▶ **Prompt**
Would you return exactly the lines below from the line with "Corporate group laughing" through the line with "Natural wooden hangers", both included, and nothing else, leaving out the pictures?

▶ **Information**
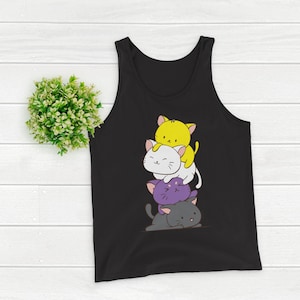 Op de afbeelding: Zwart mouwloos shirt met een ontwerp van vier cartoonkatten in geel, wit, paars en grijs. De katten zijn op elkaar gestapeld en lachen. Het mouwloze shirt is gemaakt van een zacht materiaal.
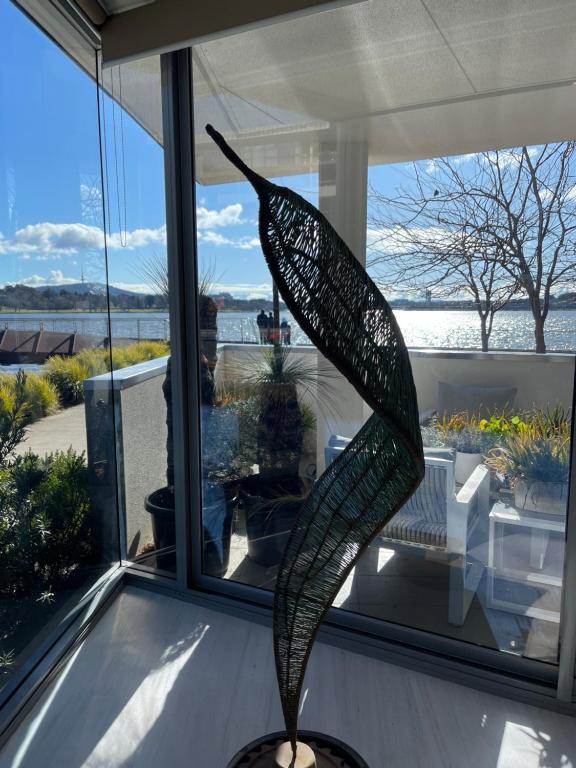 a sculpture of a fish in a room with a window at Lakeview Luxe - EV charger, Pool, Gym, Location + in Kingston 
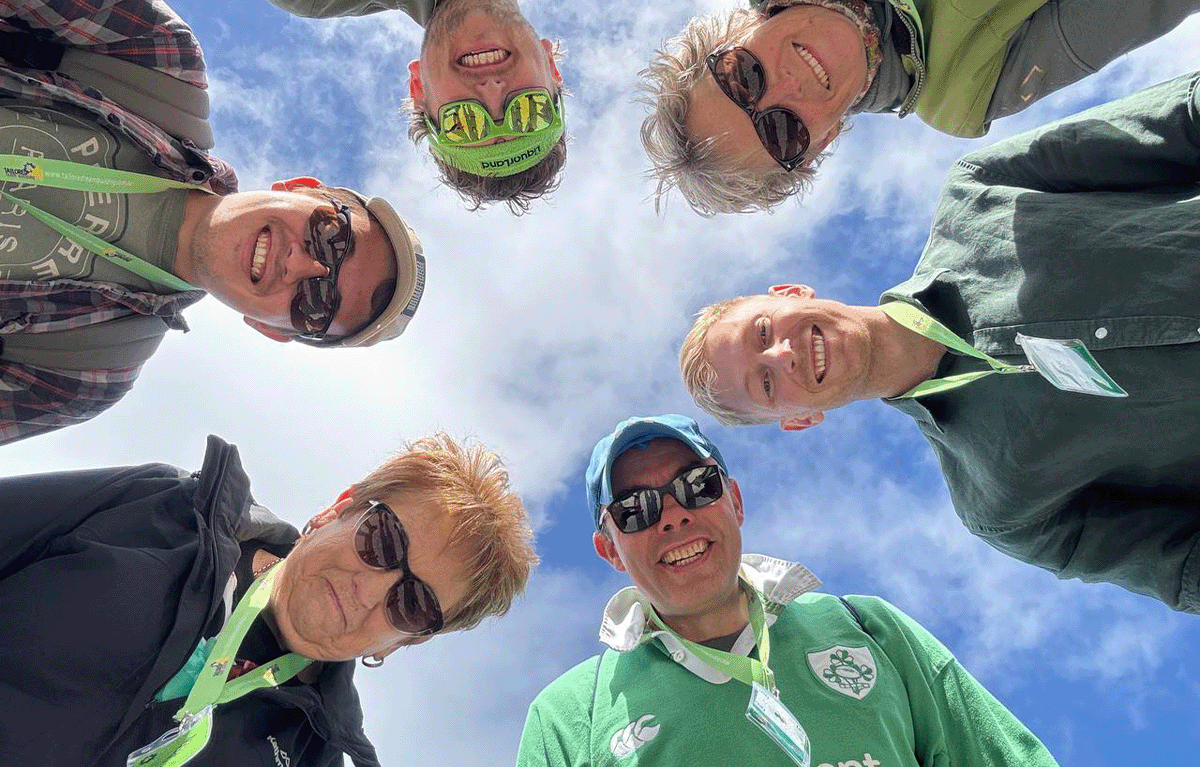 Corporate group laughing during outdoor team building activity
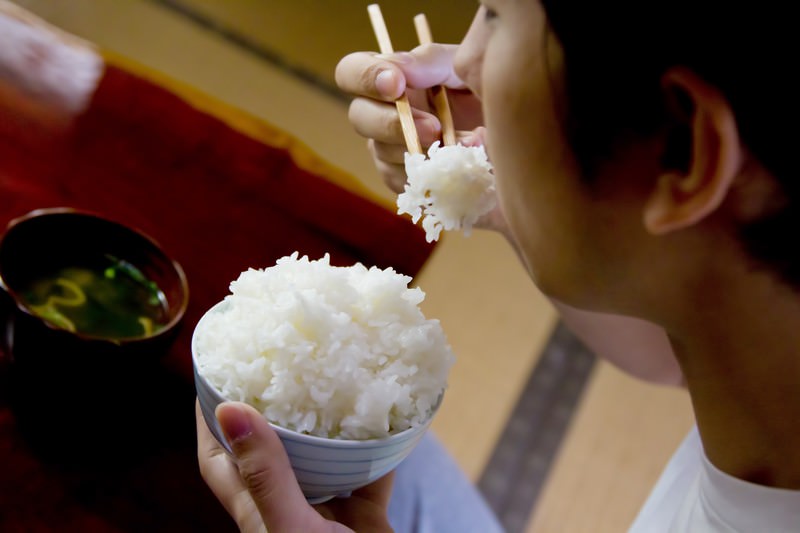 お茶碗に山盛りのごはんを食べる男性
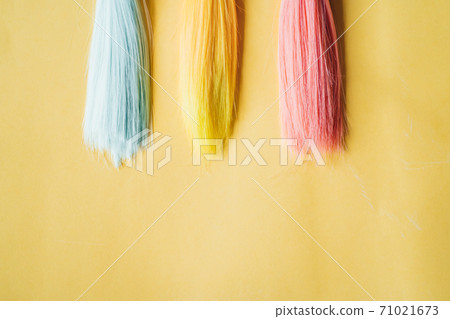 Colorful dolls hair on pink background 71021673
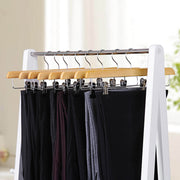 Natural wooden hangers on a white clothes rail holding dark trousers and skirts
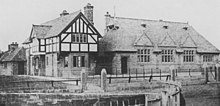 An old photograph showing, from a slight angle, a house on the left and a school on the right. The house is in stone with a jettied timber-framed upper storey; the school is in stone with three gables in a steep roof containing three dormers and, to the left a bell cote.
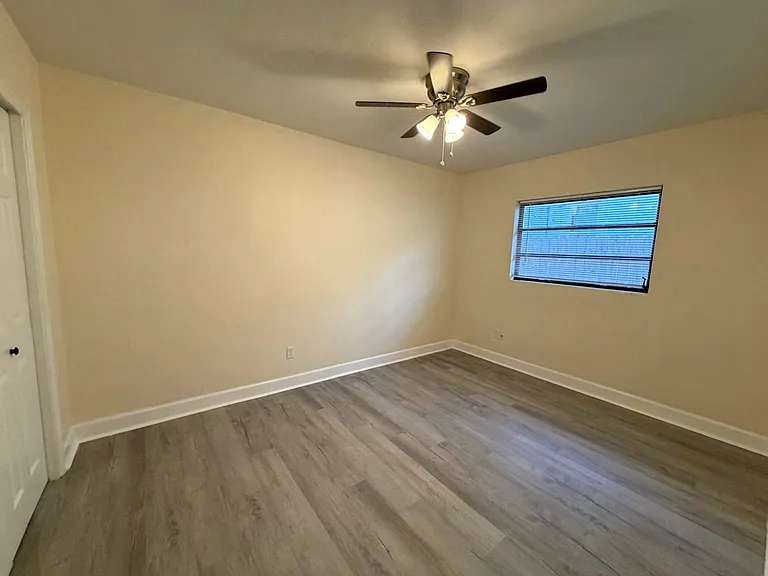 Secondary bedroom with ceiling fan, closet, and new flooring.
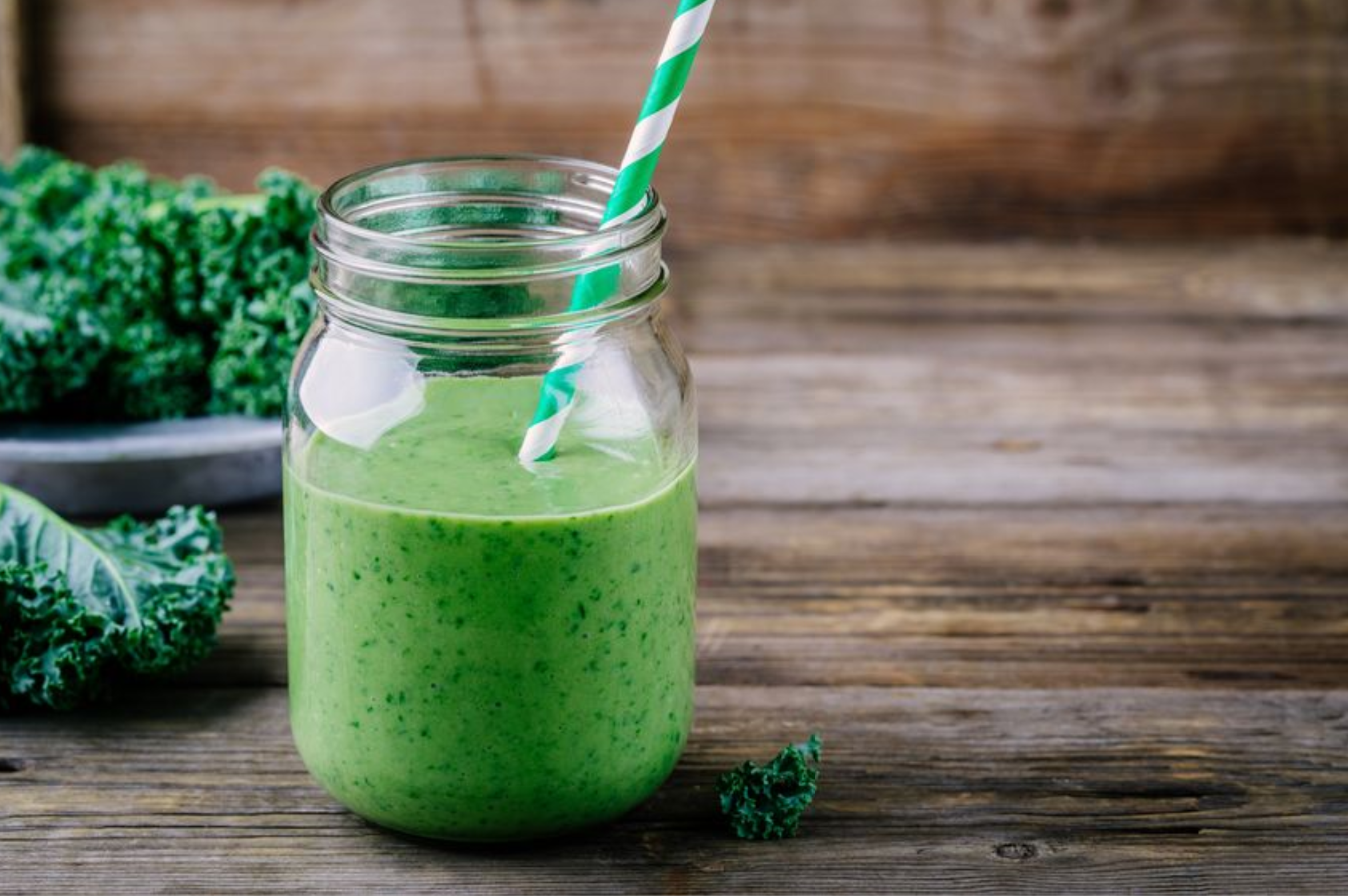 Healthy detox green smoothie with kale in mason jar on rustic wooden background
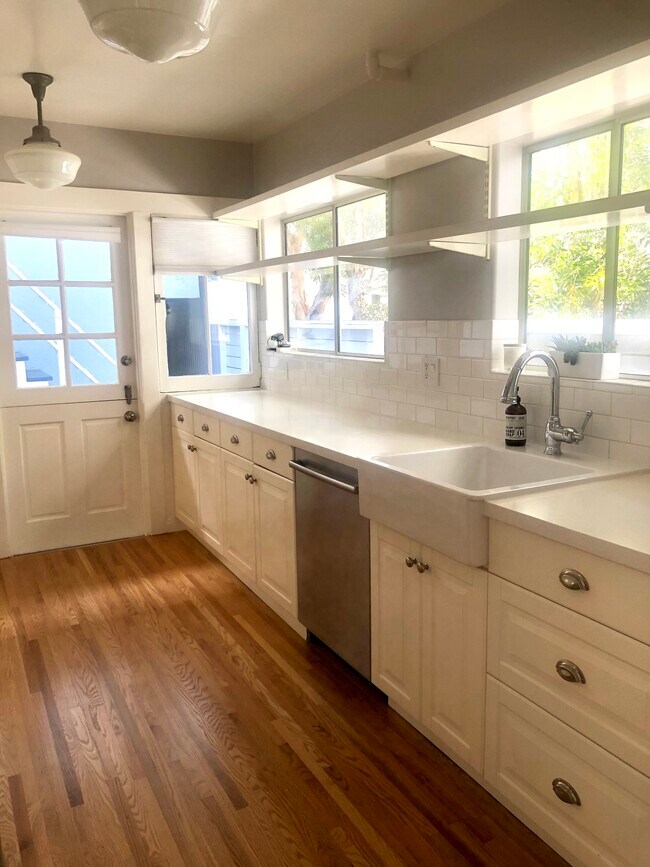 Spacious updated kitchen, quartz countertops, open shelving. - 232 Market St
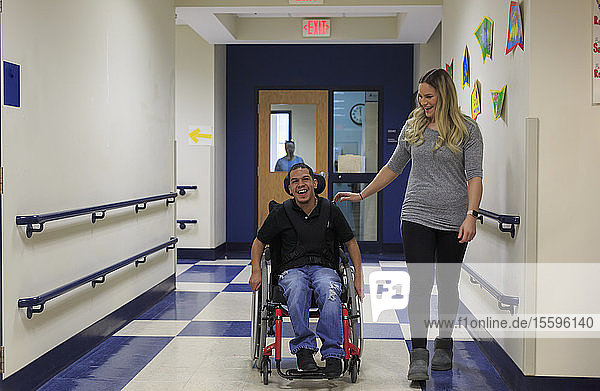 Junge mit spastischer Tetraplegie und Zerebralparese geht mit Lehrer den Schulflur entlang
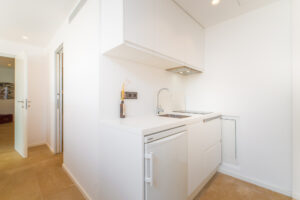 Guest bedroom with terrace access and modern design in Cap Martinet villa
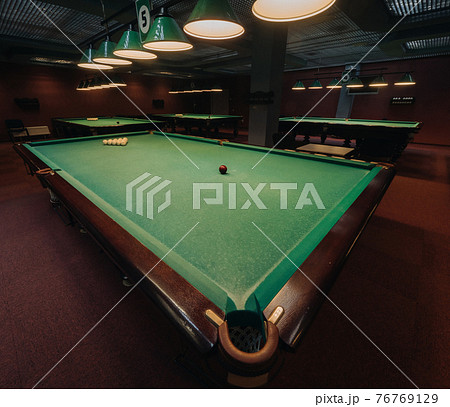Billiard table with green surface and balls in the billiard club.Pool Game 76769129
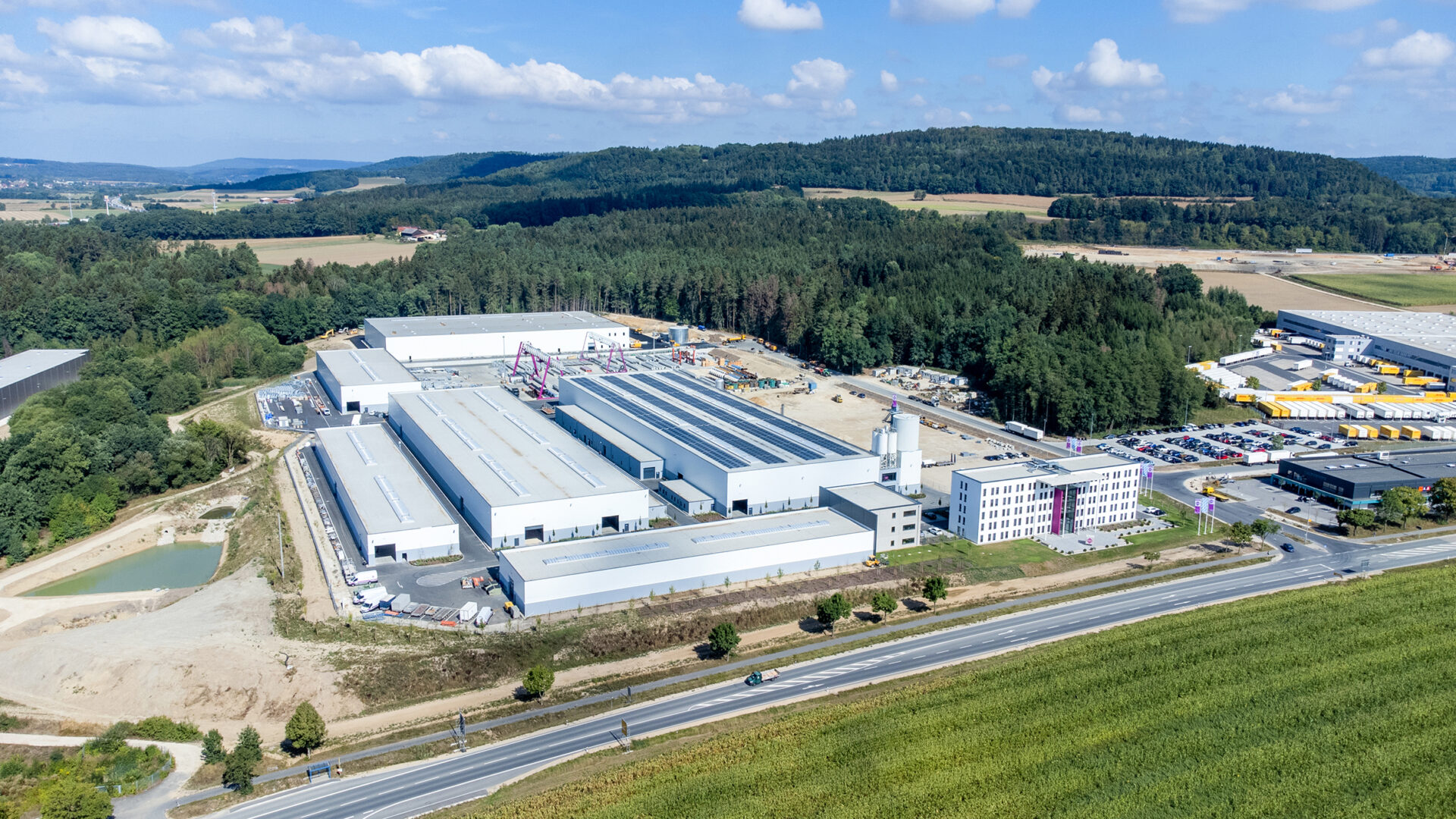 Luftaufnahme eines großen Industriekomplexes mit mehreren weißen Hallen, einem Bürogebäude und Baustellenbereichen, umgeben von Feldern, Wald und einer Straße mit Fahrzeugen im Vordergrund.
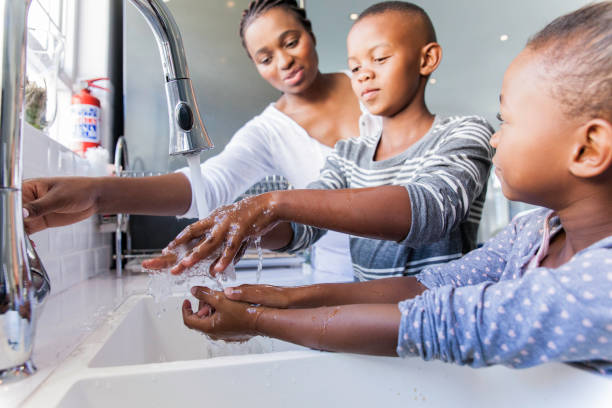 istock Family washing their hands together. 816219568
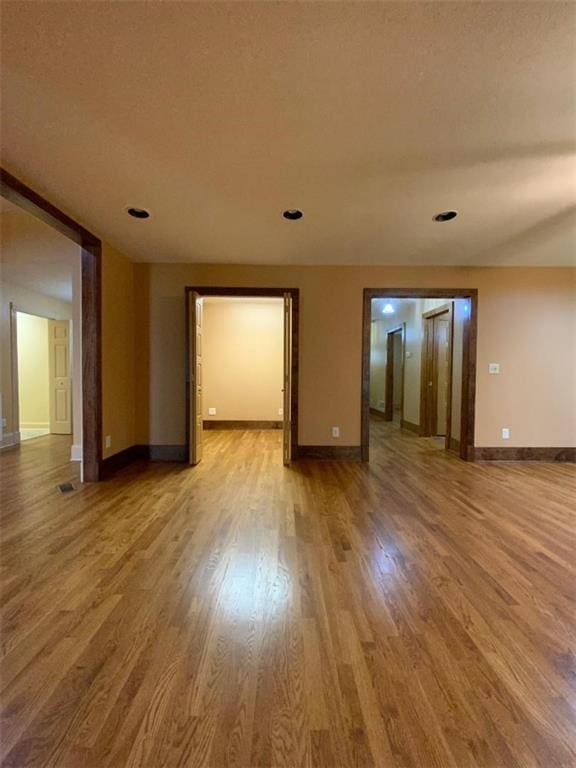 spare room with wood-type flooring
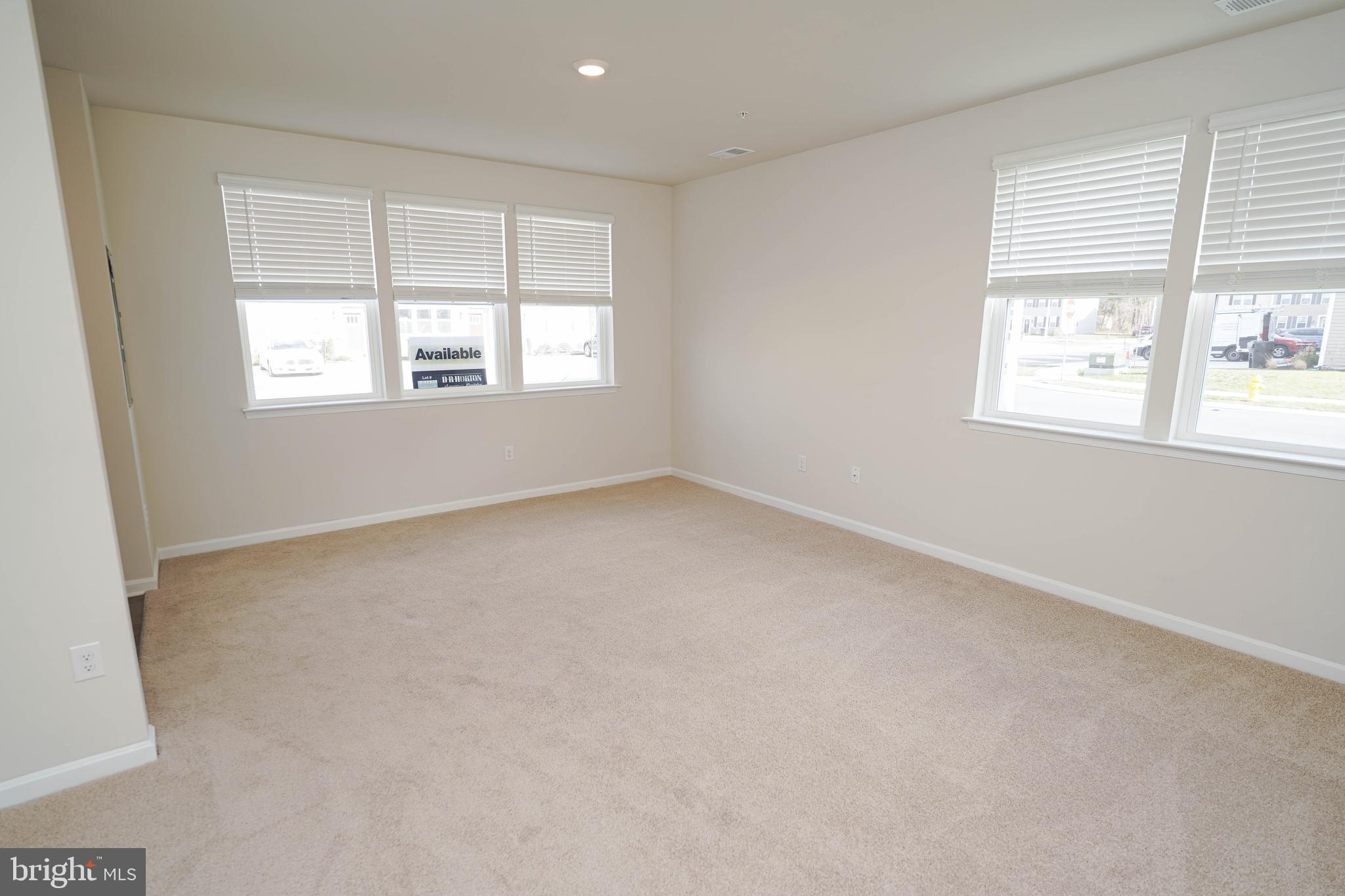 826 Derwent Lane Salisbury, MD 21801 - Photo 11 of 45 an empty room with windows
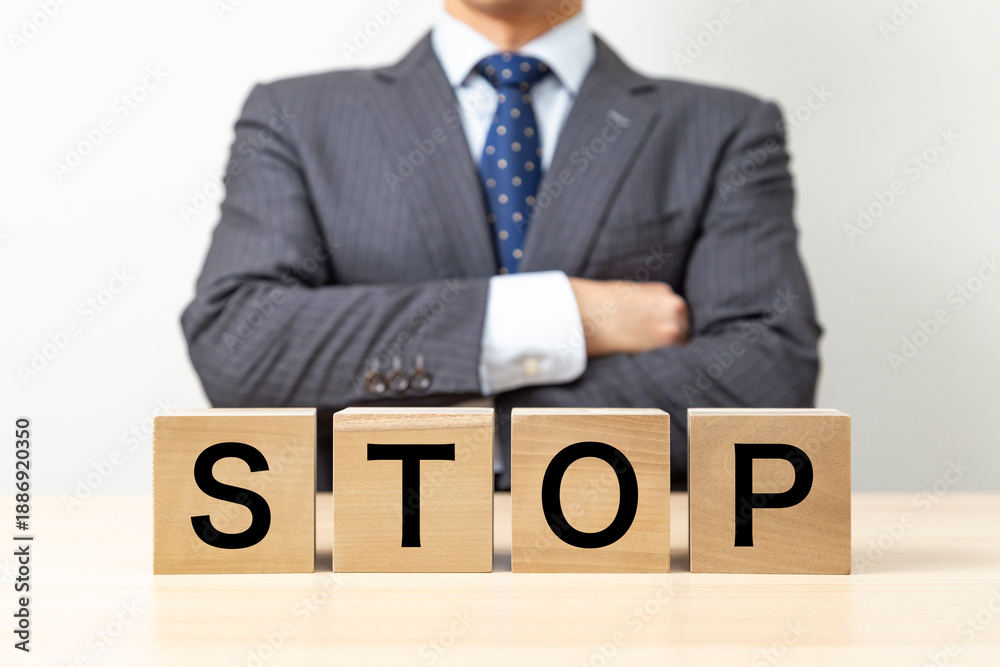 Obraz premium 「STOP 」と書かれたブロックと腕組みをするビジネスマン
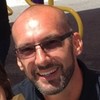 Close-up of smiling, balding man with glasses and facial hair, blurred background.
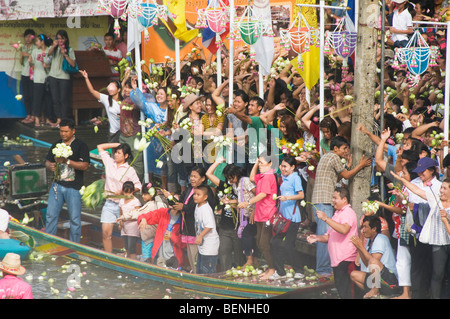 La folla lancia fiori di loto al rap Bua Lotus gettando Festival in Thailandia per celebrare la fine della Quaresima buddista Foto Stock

▶ **Response to this task**
 Corporate group laughing during outdoor team building activity
 お茶碗に山盛りのごはんを食べる男性
 Colorful dolls hair on pink background 71021673
 Natural wooden hangers on a white clothes rail holding dark trousers and skirts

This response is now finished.